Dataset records

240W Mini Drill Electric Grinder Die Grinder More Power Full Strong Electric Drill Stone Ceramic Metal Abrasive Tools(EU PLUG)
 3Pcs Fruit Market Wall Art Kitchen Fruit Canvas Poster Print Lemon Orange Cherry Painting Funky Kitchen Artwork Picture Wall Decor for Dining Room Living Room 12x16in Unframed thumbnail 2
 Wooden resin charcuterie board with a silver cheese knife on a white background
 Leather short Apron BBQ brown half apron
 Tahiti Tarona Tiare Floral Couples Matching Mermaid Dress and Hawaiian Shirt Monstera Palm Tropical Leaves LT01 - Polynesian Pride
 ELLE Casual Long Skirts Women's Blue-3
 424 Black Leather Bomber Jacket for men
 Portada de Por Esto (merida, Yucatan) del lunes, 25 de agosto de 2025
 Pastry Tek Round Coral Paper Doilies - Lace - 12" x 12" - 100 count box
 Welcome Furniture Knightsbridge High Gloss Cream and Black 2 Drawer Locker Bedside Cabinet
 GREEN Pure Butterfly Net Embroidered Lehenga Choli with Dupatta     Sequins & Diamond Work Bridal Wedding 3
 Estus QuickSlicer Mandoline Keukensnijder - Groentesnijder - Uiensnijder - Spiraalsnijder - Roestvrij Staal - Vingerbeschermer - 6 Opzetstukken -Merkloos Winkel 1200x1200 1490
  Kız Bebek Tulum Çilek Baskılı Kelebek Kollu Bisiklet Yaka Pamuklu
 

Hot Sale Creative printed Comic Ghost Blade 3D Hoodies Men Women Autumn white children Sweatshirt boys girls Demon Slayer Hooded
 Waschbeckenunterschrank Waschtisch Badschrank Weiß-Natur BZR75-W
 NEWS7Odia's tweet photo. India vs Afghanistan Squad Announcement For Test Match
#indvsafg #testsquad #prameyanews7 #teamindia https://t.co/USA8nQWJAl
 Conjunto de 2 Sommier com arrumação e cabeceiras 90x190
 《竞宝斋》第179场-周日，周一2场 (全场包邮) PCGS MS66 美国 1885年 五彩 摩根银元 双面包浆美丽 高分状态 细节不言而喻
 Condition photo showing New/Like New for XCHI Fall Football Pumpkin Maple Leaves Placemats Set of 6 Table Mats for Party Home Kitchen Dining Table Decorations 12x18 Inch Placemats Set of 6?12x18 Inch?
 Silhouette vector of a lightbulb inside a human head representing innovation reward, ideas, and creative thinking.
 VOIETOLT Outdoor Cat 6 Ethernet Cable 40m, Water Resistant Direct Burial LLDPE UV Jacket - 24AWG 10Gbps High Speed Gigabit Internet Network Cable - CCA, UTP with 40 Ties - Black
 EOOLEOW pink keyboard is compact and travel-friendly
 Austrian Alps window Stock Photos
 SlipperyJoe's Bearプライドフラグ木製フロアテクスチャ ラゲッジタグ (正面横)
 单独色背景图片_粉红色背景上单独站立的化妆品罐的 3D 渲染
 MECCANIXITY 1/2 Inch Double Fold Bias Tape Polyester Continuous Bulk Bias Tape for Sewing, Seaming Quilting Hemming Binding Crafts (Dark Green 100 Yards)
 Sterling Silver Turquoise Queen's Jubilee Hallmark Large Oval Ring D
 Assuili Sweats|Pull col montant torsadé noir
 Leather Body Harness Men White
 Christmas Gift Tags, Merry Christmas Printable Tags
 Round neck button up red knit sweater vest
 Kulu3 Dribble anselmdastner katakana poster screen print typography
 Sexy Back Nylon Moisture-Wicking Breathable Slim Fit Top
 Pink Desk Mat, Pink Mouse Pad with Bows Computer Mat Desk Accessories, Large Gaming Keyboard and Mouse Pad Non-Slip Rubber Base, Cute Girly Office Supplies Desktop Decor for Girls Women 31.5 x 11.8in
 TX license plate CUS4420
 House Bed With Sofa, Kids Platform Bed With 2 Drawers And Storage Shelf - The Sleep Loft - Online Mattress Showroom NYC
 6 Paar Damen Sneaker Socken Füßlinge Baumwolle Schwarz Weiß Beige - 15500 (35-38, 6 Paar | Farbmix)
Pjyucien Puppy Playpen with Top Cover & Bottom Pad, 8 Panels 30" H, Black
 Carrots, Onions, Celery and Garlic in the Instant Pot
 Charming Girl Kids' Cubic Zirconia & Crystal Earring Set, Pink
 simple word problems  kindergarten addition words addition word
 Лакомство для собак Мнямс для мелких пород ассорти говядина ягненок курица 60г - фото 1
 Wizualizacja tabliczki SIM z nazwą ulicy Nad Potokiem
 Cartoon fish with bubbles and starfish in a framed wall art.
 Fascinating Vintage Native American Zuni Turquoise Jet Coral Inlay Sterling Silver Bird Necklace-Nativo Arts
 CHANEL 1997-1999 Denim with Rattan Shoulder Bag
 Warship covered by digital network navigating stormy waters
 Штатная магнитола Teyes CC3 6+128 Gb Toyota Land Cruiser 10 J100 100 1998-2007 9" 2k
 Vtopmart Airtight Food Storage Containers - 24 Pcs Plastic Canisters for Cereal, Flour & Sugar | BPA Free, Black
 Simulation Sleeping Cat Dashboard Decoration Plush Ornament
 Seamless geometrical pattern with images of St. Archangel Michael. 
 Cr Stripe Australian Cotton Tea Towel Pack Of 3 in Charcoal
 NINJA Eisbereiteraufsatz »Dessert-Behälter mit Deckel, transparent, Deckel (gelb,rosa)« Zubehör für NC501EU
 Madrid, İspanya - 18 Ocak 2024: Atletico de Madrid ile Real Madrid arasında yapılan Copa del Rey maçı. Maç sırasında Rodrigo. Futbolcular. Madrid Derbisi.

▶ [Task objective]:
Restate word for word the lines of the data above, starting at the line containing "Tahiti Tarona Tiare" and ending at the line containing "Kız Bebek Tulum", both included, and nothing more.

▶ [Written solution]:
 Tahiti Tarona Tiare Floral Couples Matching Mermaid Dress and Hawaiian Shirt Monstera Palm Tropical Leaves LT01 - Polynesian Pride
 ELLE Casual Long Skirts Women's Blue-3
 424 Black Leather Bomber Jacket for men
 Portada de Por Esto (merida, Yucatan) del lunes, 25 de agosto de 2025
 Pastry Tek Round Coral Paper Doilies - Lace - 12" x 12" - 100 count box
 Welcome Furniture Knightsbridge High Gloss Cream and Black 2 Drawer Locker Bedside Cabinet
 GREEN Pure Butterfly Net Embroidered Lehenga Choli with Dupatta     Sequins & Diamond Work Bridal Wedding 3
 Estus QuickSlicer Mandoline Keukensnijder - Groentesnijder - Uiensnijder - Spiraalsnijder - Roestvrij Staal - Vingerbeschermer - 6 Opzetstukken -Merkloos Winkel 1200x1200 1490
  Kız Bebek Tulum Çilek Baskılı Kelebek Kollu Bisiklet Yaka Pamuklu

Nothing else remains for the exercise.